A hill to the south of the town still contains numerous bunkers left over after the war and well as offering an excellent view of the town and surroundings (See HERE).

 

 

 

Charters Towers, was also well known for its gold, being first discovered in 1871. A rush of ‘fortune seeking’ men quickly followed and by the end of 1872 some 3000 people inhabited the new field. The alluvial men left early on for the Palmer River discoveries, but the hard rock miners remained, seeking the gold in the deep veins underground. Literally 100s of shafts were sunk during the lifetime of the field and the ore raised was processed through many large treatment batteries.

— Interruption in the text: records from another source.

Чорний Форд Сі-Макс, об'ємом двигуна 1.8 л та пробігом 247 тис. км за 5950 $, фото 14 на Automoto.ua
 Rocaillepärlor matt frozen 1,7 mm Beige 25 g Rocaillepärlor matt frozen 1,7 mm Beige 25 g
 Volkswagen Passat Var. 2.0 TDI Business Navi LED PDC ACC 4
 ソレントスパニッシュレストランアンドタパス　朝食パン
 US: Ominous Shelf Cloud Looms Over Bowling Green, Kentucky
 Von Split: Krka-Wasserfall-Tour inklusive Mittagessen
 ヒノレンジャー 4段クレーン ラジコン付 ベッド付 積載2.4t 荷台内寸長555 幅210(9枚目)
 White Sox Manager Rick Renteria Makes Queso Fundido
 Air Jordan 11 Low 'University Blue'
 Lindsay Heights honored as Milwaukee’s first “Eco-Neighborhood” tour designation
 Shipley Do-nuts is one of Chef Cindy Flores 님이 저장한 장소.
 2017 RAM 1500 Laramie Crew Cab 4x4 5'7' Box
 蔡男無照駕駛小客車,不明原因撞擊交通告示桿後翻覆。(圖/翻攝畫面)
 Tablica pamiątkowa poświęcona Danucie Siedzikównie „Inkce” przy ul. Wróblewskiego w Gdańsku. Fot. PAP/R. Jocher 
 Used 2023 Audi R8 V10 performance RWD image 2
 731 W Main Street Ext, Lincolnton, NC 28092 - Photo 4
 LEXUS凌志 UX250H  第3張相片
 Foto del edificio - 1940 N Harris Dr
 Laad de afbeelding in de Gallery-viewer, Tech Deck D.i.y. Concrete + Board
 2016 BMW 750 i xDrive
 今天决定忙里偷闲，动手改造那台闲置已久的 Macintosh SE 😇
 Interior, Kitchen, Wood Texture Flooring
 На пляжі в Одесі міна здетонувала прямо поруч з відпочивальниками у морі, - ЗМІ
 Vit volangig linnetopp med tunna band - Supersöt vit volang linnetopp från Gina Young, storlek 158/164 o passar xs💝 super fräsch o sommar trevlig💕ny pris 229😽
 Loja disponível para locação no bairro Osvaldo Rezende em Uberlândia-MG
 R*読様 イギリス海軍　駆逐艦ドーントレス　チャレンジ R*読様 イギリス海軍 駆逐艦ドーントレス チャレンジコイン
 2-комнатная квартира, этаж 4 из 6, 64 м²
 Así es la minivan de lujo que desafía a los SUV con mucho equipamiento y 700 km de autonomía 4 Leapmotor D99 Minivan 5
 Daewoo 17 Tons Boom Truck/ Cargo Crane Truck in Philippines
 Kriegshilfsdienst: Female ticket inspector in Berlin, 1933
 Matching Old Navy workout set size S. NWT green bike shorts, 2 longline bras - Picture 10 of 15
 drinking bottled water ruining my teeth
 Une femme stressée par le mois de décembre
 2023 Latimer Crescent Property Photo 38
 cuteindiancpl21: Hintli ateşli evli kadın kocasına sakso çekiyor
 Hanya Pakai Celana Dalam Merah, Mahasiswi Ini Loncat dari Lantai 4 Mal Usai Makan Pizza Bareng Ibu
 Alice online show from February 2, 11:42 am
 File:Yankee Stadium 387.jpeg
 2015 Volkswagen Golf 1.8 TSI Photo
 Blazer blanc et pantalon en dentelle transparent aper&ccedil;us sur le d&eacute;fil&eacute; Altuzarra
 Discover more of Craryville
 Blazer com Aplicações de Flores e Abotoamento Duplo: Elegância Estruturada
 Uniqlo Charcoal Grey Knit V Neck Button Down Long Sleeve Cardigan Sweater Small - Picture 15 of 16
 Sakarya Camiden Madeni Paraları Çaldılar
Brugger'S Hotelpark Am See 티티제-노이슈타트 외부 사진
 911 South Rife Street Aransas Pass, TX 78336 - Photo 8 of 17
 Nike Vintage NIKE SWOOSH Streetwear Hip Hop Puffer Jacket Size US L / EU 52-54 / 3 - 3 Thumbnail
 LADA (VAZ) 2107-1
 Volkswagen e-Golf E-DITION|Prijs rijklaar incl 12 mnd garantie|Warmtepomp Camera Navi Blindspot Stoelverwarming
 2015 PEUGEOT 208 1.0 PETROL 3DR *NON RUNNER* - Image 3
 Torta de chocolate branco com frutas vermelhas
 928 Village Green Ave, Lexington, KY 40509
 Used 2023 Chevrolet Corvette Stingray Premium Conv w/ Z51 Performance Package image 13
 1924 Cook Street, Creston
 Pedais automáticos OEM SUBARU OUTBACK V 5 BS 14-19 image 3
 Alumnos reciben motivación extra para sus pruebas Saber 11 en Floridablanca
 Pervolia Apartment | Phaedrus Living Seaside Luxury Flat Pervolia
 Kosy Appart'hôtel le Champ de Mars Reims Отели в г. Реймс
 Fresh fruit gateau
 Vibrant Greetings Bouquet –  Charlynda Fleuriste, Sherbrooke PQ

Many of the shafts can still be seen.

 

During the period 1872-1899 the place changed from a rough settlement with bark and calico buildings to a thriving City of some 25,000 inhabitants. The City, by that time, had properly formed streets, some wonderful houses and many grand public buildings lining the two main streets.

 

A plentiful supply of water for domestic and other purposes was pumped to the town from a Weir in the Burdekin River about 9 miles to the north. Underground electricity was also supplied to parts of the main town area.

 

It is estimated that 6,000,000 ounces of gold was won in the first 40 to 50 years of the life of the Towers. All religions were strongly represented on the field and in 1890 the miners could quench their thirst in no less than 65 hotels registered on the field. Sports, music and the arts all had fantastic followings. It was said that everything you might desire could be had in the Towers. There was no reason to travel elsewhere for anything. This is why the town became known affectionately as ‘The World’.

 

The decline of mining following World War 1 also saw a decline in the population. The town then became the supply centre or hub of the then Dalrymple Shire as well as the educational centre for students from all over North Queensland.”

 

Our accommodation in Charters Towers will be, as usual, at the showgrounds. We haven't been able to get in to check out the facilities just yet but will do so in February. We've been assured they will definitely suit our purposes.

 

 

 

 

We also invited Robbie Katter MP, the State member for Traeger, to meet us a few miles out and to ride one of the scooters into town, then to join us for dinner that night and perhaps a quiet one or two.

 

 

Eileen and Ken Hey, an old RAAF metal basher, are working on our meal requirements and trying to line up a bus and driver which will give us the royal tour of Charters Towers, we'll let you know the result as soon as we hear.

 

We can be assured things are in good hands.

 

 

 

Day 13

After breakfast, served at the showground and prepared by the BL, it's an easy run down to Townsville. We'll stop at Mingela for morning tea. 48km from Charters Towers we take the turn to the right and about 1km down the road is the Mingela Hotel.

 

 

 

Morning tea will be served at the hotel.

 

 

 

After Mingela, its a further 36km to the Reid River rest stop where the BL will prepare lunch. Food for lunch would be provided as a result of the generosity of the Charters Towers Woolworths store.

 

 

 

After Reid River, it's non stop to Townsville where we'll end the epic journey at the RAAF Base. We've asked  Phillip Thompson MP, the Federal Member for Herbert and Jenny Hill, the Mayor of Townsville, to meet us a few km out and to lead us into Townsville by each riding one of the scooters. We've also asked the RAAF if a number of serving men and women could also meet us out of town and help us celebrate the 100th anniversary by riding our scooters to the base.

 

We reckon after 2,100kms, everyone will be more than happy to surrender their transports and enjoy the relative comfort of the air conditioned bus and allow the uniforms to complete the trip.

 

We haven't heard back from Phillip Thompson yet but Jenny Hill has agreed and the RAAF has agreed to ask for volunteers, shouldn't be too much of a problem getting them we reckon.

 

 

 

We've had a meeting with the RAAF at Townsville and they are keen to join and help us celebrate the anniversary. They will organise a barbecue welcome for us on arrival and we're talking with them about accommodation, this looks exciting and we'll have more on that later.